While there are many fun things to do during the Fall season, many children enjoy doing the simple things that they may not have a chance to do at other times. In the second part of our Fall Reading Fun series, we focus on the fall harvest. (You can read about even more fun fall books and activities in the first post of this series.)
Apple Picking Fun
- Start the fun by reading Apples, Apples Everywhere by Robin Koontz. The children in this story take a trip to an apple orchard. They learn about different kinds of apples, find out how cider is made, and pick their own apples.
- You could also read Curious George Apple Harvest by H. A. Rey. In this book adapted from the television series, George discovers an apple cider press and make a mess trying to make his own apple cider!
- Now, take a trip to your own local apple orchard. While every orchard lets you pick your own apples, you may be surprised at the other fun things you can do there. They may have a wagon ride, a hay maze, or even their own cider press that your children can watch in action. No matter what attractions your orchard offers, take the time to let your children pick some apples of their own to bring home.

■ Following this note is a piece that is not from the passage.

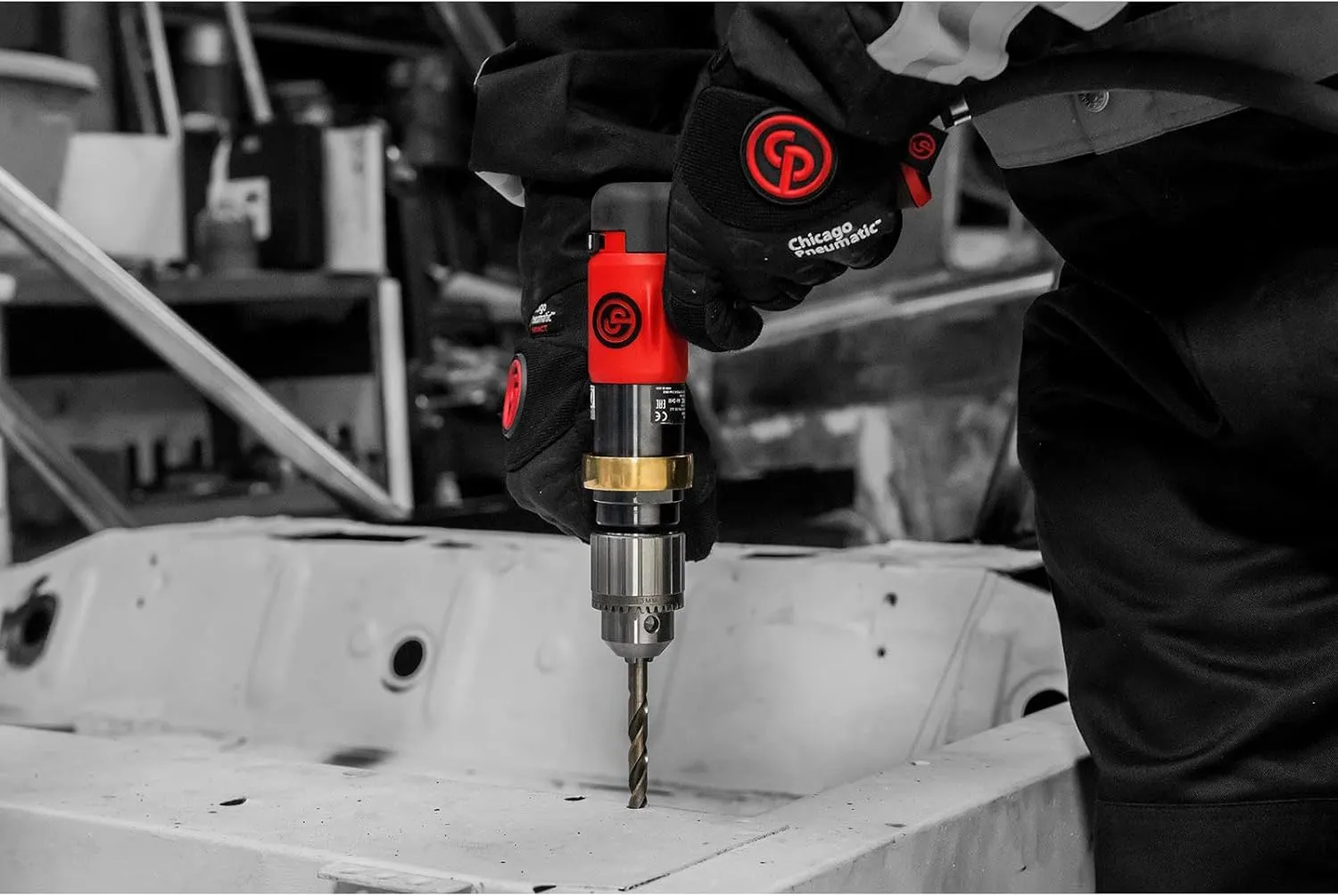 Chicago Pneumatic CP9789C - Air Power Drill, 1/2 Inch (13 mm), Keyed Chuck, Pistol Handle, 0.47 HP / 350 W, Stall Torque 10.3 ft. lbf / 14 NM, 840 RPM, Hand Drill, Power Tools & Home Improvement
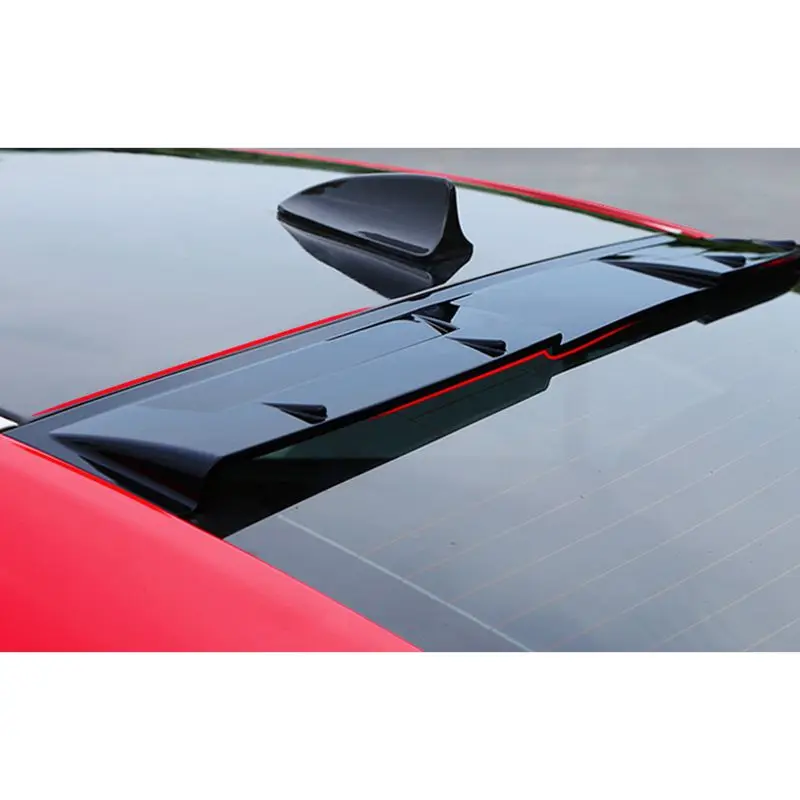 ABS пластик черный задний хвост коробка крыло спойлер авто запчасти для Mazda 3 Axela седан 4 дверные рамы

- Once you get the apples home, give your children the opportunity to help you cook the apples. You can start simple by making delicious crockpot applesauce. Or if you are a better baker, you can let your children help you make their own mini apple pies. They will enjoy being able to create their own delicious desserts from start to finish!
Pumpkin Patch Fun
- Patty’s Pumpkin Patch by Teri Sloat shows your children what happens in a pumpkin patch from spring through fall. They will enjoy seeing the work behind the cute pumpkins they see everywhere.
- Another fun pumpkin book is The Berenstain Bears and the Prize Pumpkin by Stan and Jan Berenstain. While the Berenstain Bears hope to win the blue ribbon for their oversized pumpkin, they learn that win or lose there are always things to be thankful for.
- Your children will love having an opportunity to pick out their own pumpkin after reading these fun books. If possible, take your children to a pumpkin patch where they can pick out their own pumpkin. (If you don’t have a local pumpkin patch, you can always visit a grocery store or garden store to buy pumpkins.) Once you bring the pumpkins home, let your children paint or carve the pumpkins. You can then display them on your front porch or walk to show off your children’s artwork!
Reading fun books about apple picking and pumpkin patches are a great way to teach your children about harvest time. Letting them pick their own apples and pumpkins is a natural fun extension of what your children learned in the stories. What other fun fall trips do you take your children on?